What is Invoice Funding?
Simply put, invoice funding is a great way for small businesses to get funds. While it may be somewhat more complicated than applying for loans, it offers great benefits when applied successfully and your clients pay on time. For one thing, invoice factoring rates are a lot more affordable in the long run than rates charged in business loans. You can have a better cash flow and a more immediate access to cash when you sell outstanding invoices due in one to three months to a factoring company. This kind of financing is available to businesses that provide services to other businesses or to the government.
Factoring companies usually make two payments: an advance equivalent to 80% of the amount in the invoice, and the rest is paid after the invoice is paid (minus the invoice funding costs the company charges). Basically, factors lend money on the basis of the high likelihood that your customers will pay the invoices. When you let your customers have the option of paying for your services at a later date, there’s an increased chance of customer loyalty and satisfaction. However, this can adversely affect your cash flow. Thus, factoring companies help you deal with cash flow issues while keeping your customers loyal and happy.
The Four Steps of Invoice Funding
Commonly, there are four basic things that you need to do in invoice funding. The first, of course, is submitting an invoice to a factor. The factor will then determine your eligibility for financing and will also determine if your customers are good or bad credit risks. The success of your submission depends on this information about your business and your customers. Once your submission is approved, you and the factor will sign a financing agreement that sets the maximum amount you can borrow.

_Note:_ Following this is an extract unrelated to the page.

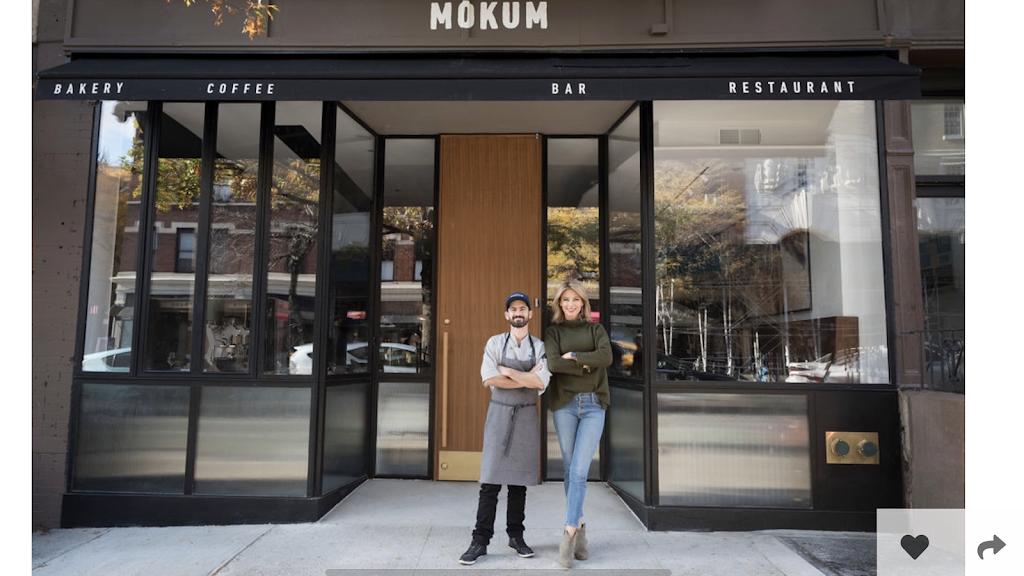 Mokum | restaurant | 464 Amsterdam Ave, New York, NY 10024, USA | 2127994111 OR +1 212-799-4111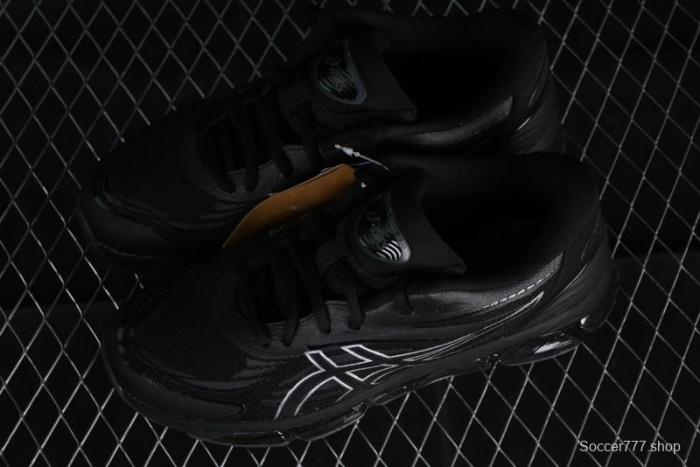 Asics Gel-Quantum 360 VIII Retro Breathable Casual Shoes with 360° GEL Cushioning for Men - 1203A305-001 1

The second step is receiving the advance rate (determined by the company’s invoice funding rates), which can range from 70% to 90% of the invoice you submitted. The factor at this point may also send a notice of assignment to the customers whose invoices you’ve submitted. This notice informs your customers that all their payments for all invoices will be received by the factor. You will still receive payment from any invoice that you have not factored, as the factor is bound to send it to you. The third step is basically your customers paying the factor within the time frame specified in the invoice.
For the last step, you’ll receive the rest of the amount on the invoice, minus the invoice funding costs and fees charged by the invoice funding services.
Is Invoice Funding the Right Choice for You?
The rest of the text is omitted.